7 min read

You Are What You Eat (Newsletter 056)

We humans are profoundly affected by another type of consumption besides what we put in our mouths, and that is what we put in our minds.
You Are What You Eat (Newsletter 056)

Greeting friends!

I am aware that I wrote an article not long ago with the exact opposite headline: You Aren't What You Eat. The point in that article was to highlight the many ways in which nutrition experts have let us down.

Today's article stirs the mud around a related topic. We humans are profoundly affected by another type of consumption besides what we put in our mouths, and that is what we put in our minds. I will use some analogies to bodily nutrition to help explain the point, which is that we are consuming an unhealthy diet of ideas which is making both us and our societies sick.

You will find inspiration in this week's Moral Letters. Moral Letter 111 On Clever People talks about the difference between cleverness and wisdom. We need much more wisdom and much less cleverness to solve our overconsumption of tainted ideas.

111 - On Clever People - Moral Letters for Modern Times
We are distracted by surface appearances because they are the first things we see. You should seek to understand the deeper meaning, and to be aware that in the wrong hands words can hide as much as they reveal.

Moral Letter 112 On New Students explores why the will to change is necessary for progress but is insufficient for most. Breaking free of our existing modes of thinking and believing is hard, especially when everyone around you continues along the old path.

112 - On New Students - Moral Letters for Modern Times
Philosophy always welcomes new students.

I am going to wish you both wisdom and a resolute will in following along today's argument. I hope you will be inspired to consider that, at least as it regards our minds, often we are what we eat.


Most people believe they are directly affected by the food they eat. Hence the successive panics resulting in regulating various components and micronutrients in food: salt, fat, sugar, lactose, gluten, GMO, hormones, and much more. It's as if we assume our body is just a physical machine, and so the food we put into our body is going to have a clear impact on how the machine works. It's just chemistry!

In contrast, people act as if their mental processes have a master governor overseeing everything in the form of our minds or consciousness. As a result, we seem indifferent to the impact of the ideas we consume because we assume we can control what we think.
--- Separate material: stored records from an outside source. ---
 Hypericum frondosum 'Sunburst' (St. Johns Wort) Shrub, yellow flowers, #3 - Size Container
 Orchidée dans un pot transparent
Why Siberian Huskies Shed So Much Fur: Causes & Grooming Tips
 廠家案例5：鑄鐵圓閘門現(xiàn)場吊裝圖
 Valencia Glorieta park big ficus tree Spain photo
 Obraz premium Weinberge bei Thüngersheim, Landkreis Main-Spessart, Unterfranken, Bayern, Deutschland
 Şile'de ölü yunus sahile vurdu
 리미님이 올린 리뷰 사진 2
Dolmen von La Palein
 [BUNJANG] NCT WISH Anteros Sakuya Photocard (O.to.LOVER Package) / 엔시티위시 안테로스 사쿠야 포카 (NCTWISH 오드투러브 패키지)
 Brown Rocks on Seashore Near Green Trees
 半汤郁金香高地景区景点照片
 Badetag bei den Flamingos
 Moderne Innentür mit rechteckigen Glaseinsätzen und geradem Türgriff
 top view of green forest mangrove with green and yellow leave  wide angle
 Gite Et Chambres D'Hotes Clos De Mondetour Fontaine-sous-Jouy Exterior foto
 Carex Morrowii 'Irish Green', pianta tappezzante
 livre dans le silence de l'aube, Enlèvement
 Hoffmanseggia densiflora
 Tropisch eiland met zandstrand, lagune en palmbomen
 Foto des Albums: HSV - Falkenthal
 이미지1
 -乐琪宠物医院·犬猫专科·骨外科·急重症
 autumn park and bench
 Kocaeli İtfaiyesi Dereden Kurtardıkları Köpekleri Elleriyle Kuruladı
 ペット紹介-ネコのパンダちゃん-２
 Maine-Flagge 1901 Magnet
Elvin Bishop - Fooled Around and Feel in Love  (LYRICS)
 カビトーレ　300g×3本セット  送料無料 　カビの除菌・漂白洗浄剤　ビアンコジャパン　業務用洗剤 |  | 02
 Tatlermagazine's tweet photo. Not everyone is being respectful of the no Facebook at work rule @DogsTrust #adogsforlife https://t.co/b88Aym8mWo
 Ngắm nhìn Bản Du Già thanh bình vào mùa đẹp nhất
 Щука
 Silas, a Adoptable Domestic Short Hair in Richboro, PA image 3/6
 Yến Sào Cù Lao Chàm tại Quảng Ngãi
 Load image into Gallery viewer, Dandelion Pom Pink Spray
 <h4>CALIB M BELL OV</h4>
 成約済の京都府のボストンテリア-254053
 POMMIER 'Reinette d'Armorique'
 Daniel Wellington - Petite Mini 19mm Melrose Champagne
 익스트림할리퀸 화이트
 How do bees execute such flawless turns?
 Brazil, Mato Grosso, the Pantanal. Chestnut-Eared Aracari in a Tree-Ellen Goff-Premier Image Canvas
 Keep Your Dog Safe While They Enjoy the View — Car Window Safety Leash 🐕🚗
Consider how badly nutrition science has performed in understanding how our bodies operate, mere machines. The consuming public suffered repeated gross errors from scientists underestimating the body's complexity. By focusing on just a small piece in a carefully controlled lab environment, they thought they could explain the whole system and failed badly.

Is it possible we have similarly underestimated the mind's complexity? Maybe there's more going on in our heads than the conductor in our consciousness we imagine is carefully and logically orchestrating our lives. Why is the prevalence of mental illness among adults higher than it's ever been? Why are more children depressed and even suicidal than ever before?

Everyone has a theory, and a supposed villain that is the cause of our problems. I am sure you have some ideas about why people are so messed up today. But keep in mind that that pretty much every decade in modern times has experienced some sort of moral panic. They each fingered new and different culprits:

  • In the 1950s, youth were being tainted by rock and roll, which they turned to in rebellion against the overly conservative and restrictive systems of their parents.
  • In the 1960s, it was hippies and their folk music and psychedelics who led the counterculture movement.
  • In the 1970s, women's liberation became mainstream, as monogamy declined in favor of the sexual revolution.
  • In the 1980s, our mental malaise came from marijuana. Remember "Just say no"? Moreover, we were told that MTV and heavy metal were the sure cause of decay.
  • In the 1990s, we knew that violent videogames were turning our children into future monsters.
  • Since the turn of the century, the stress of modern life itself was rendering new generations hopeless. Social media opened up the whole world to insecure youngsters' comparisons, and they didn't like what they were seeing.

Psychologists love to conduct experiments isolating the impact of one narrow effect and then suggest that the quirks and biases they've uncovered say something about the whole person. With an undergraduate degree in psychology and years of study, I can tell you that any simple explanation of why a person behaves the way they do will be incomplete.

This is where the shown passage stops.